Manufacturing success: Firm and VP honored for advancing industry

Phil Castle, The Business Times

Tim Heaton
Tim Heaton

Eric Goertz not only oversees operations at a growing Grand Junction manufacturer, but also promotes what he hopes will become a growing industry sector in Western Colorado.

The dual successes of Capco and Goertz attracted the recognition of a statewide membership organization for manufacturers. Capco received the Manufacturer of the Year award from the Colorado Advanced Manufacturing Alliance.

CAMA President Tim Heaton says the award reflects the success of Capco in advancing its work force, technology and business, but also the success of Goertz in advancing the manufacturing sector.

In addition to working as vice president of operations at Capco, Goertz serves as chairman of the CAMA West Chapter.

Goertz was involved in establishing the first chapter of CAMA as a successor organization to what was the Western Colorado Manufacturing Alliance and before that the Mesa County Manufacturer’s Council.

Goertz attended the annual CAMA meeting in Denver where the awards were presented and was surprised when it was announced Capco had won the Manufacture of the Year Award. “I was very pleased and honored.”

A defense contractor that provides weapons mounts for platforms and vehicles, counter measures for aircraft and other products for the military, Capco has operated in Grand Junction since 1971, Goertz says. With 270 employees, Capco ranks among the largest employers in the Grand Valley and largest manufacturers in Western Colorado. Goertz says he’s worked for Capco for 25 years.

While defense contracting is a highly competitive process, Capco fares well because of its capabilities, Goertz says. The company can take a product from conception and design through development and fabrication without relying on subcontractors. “We do all of that, and that sets us apart from a lot our competition.”

At the same time, Capco isn’t limited by current capabilities given the technical expertise of the staff to react quickly to take advantage of new opportunities, he says.

At a time when other defense contractors have faced declining work because of shrinking budgets, Capco has increased sales and production, Goetz said. In fact, he expects to increase staffing by 30 to 40 in 2016 to fulfill a new contract.

Heaton says CAMA awards recognizes members for advancing various aspects of their operations, whether its personnel, manufacturing processes or business. The Manufacturer of the Year award takes into account all those criteria, and Capco was selected over five other nominees.

In addition, though, the award honors Goertz for his leadership in uniting manufacturers in Western Colorado and promoting the industry, Heaton says. The creation of the CAMA West Chapter, the first for CAMA, served as a model for a second chapter that formed in the Colorado Springs area, he says.

Goertz also has been involved in organizing a manufacturing summit in Grand Junction for the past two years to promote connections among manufacturers on the Western Slope and across the state. Goertz arranges tours of local manufacturers, networking events and meetings in which participants share best practices.
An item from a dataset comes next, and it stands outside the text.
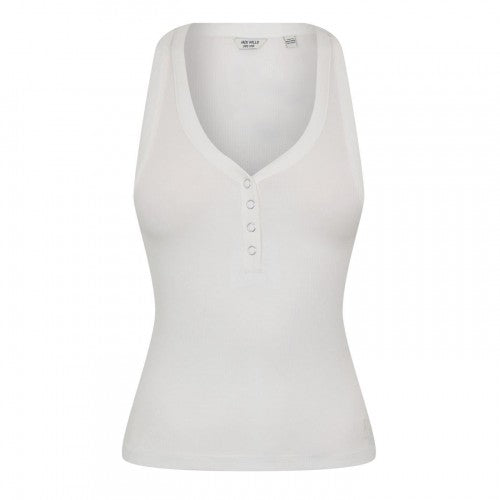 Front - Jack Wills Womens/Ladies Ribbed Henley Slim Vest Top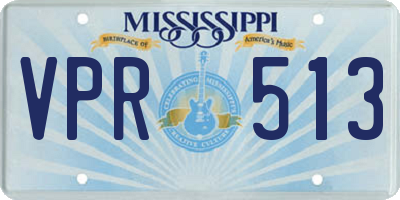 MS license plate VPR513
In addition, he serves as chairman of an advisory committee that makes sure engineering students at Colorado Mesa University learn what they need to succeed at jobs in manufacturing.

Those efforts have furthered the mission of CAMA and nearly 250 manufacturers that belong to the organization, Heaton says. “We’re about growing manufacturing and putting Colorado manufacturers on the map.”

Manufacturing has achieved some success in that regard, Heaton says, in ranking second among industry sectors for job creation so far in 2015, behind only construction. But manufacturers also face what Heaton called “headwinds” in slowing energy development related to low prices, a strong dollar that makes exports more expensive and uncertainty in the global economy.

Given the higher wages manufacturers pay and materials and services they purchase from suppliers, growth in the sector constitutes a riding tide that lifts all boats, Goertz says. “That’s kind of how I view things.”